The purpose of the BEREV is to characterize the water cycle and the surface flows (energy, water and carbon) in a boreal environment in order to increase our understanding of the hydrological and hydrometeorological processes in the presence of abundant snow, in support of a better modeling and better forestry practices. In particular, BEREV has micrometeorological equipment above the canopy. To know more, watch this webinar about the BEREV: https://youtu.be/-bbwMuuYLYg
The main equipment for characterizing the physical and geochemical properties of aquifers is a specialized Geotech 605 drilling rig. With the data collected, it is possible to model the flow of water and the transport of contaminants in aquifers. It is also possible to assess the vulnerability of aquifers to contamination, to determine the most suitable protection methods and methods of exploitation for sustainable management of the groundwater resource. This crawler drill has a real-time recording system of mechanical and electrical soil responses. It also allows soil or groundwater sampling by installing observation wells. The system has two drilling heads, one for drilling by penetration (cone penetration) in loose deposits, and another equipped with a hydraulic hammer for rotary impact drilling up to 50 m in rock and loose deposits according to the conditions.
The research conducted at the Geothermal Open Laboratory is aimed at gaining better understanding of underground heat transfer and flow phenomena for reducing technical risks of geothermal energy. It is an open access laboratory, modeled after open-source software.
The UdeS hydraulic laboratory is one of the largest in Canada. It is used as much for the courses as for the research or the realization of expertises. Numerous assemblies and several channels allow the visualization and the experimentation of almost all the phenomena of the hydraulics with free surface and under pressure. It includes a 40 hp pump, a charging system, a gauging station, channels, numerous valves and a wave channel. Measuring instruments using the latest technologies, such as acoustic doppler velocimetry, are connected to computerized data acquisition systems.

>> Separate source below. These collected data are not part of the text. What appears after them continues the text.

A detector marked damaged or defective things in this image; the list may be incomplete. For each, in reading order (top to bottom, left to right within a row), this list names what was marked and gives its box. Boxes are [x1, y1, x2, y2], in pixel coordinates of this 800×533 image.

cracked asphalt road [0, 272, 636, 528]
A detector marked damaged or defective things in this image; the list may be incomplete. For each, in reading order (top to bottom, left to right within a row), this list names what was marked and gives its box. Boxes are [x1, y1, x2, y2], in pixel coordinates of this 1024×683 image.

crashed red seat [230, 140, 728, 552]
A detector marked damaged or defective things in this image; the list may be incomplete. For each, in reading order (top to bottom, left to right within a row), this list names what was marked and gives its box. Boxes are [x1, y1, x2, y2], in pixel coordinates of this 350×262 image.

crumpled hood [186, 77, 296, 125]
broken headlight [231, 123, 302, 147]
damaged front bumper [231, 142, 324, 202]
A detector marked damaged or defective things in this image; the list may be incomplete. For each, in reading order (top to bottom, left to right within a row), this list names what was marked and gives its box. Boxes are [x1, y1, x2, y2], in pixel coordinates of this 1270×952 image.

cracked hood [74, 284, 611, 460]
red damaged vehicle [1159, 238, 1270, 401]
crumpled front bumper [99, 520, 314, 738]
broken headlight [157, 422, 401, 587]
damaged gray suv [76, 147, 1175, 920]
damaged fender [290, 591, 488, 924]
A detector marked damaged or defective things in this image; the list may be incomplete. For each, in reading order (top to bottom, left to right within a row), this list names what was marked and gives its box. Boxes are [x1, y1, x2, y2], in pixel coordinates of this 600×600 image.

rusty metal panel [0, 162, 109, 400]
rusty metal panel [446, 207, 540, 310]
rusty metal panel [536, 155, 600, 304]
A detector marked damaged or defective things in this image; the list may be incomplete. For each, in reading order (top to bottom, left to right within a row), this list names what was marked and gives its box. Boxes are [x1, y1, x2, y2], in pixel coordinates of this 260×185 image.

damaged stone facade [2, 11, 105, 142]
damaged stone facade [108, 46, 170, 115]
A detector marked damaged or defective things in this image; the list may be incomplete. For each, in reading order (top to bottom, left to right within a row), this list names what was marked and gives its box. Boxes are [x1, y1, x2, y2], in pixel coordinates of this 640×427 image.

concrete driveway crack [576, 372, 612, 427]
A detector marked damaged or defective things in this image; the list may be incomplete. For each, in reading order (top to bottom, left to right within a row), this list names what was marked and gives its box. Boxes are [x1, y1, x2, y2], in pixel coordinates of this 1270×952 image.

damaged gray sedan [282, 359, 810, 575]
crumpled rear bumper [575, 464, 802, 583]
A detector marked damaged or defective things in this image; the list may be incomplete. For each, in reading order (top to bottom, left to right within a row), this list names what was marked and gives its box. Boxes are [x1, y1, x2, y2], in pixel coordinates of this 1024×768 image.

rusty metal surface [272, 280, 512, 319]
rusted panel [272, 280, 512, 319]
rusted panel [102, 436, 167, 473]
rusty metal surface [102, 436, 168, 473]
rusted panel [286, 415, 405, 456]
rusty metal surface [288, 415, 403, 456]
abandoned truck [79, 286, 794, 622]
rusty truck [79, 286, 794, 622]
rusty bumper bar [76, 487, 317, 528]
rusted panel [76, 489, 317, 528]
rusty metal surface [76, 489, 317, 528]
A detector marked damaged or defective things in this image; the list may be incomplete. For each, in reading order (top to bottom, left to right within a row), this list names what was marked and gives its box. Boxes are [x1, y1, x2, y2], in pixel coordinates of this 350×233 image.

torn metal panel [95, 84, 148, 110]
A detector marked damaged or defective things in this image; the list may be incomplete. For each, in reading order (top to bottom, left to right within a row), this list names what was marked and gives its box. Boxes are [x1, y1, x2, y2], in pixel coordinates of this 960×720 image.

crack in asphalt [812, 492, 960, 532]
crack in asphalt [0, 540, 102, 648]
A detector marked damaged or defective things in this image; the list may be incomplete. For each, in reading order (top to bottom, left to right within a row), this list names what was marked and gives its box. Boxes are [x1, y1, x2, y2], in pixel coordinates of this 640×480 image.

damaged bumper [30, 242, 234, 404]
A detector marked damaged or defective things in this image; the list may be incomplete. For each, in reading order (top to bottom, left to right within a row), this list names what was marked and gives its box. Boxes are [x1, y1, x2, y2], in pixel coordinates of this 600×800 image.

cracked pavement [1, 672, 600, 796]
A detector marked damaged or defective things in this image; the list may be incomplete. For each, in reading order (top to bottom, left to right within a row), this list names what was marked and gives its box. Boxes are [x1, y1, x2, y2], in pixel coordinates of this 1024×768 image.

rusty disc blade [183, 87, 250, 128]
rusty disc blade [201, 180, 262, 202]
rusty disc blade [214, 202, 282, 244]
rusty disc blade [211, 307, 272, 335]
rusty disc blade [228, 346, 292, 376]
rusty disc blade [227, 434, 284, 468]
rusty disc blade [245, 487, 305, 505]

The hydraulics laboratory of the civil engineering department has several equipment to reproduce flows with free surface and load. It includes a 40 hp pump, a charging system, a gauging station, channels, numerous valves and a wave channel. Measuring instruments using the latest technologies, such as acoustic doppler velocimetry, are connected to computerized data acquisition systems. As part of research activities, specific editing can be done. Currently, we can observe a test bench to assess, in full size, the hydraulic capacity of the storm sewer grilles.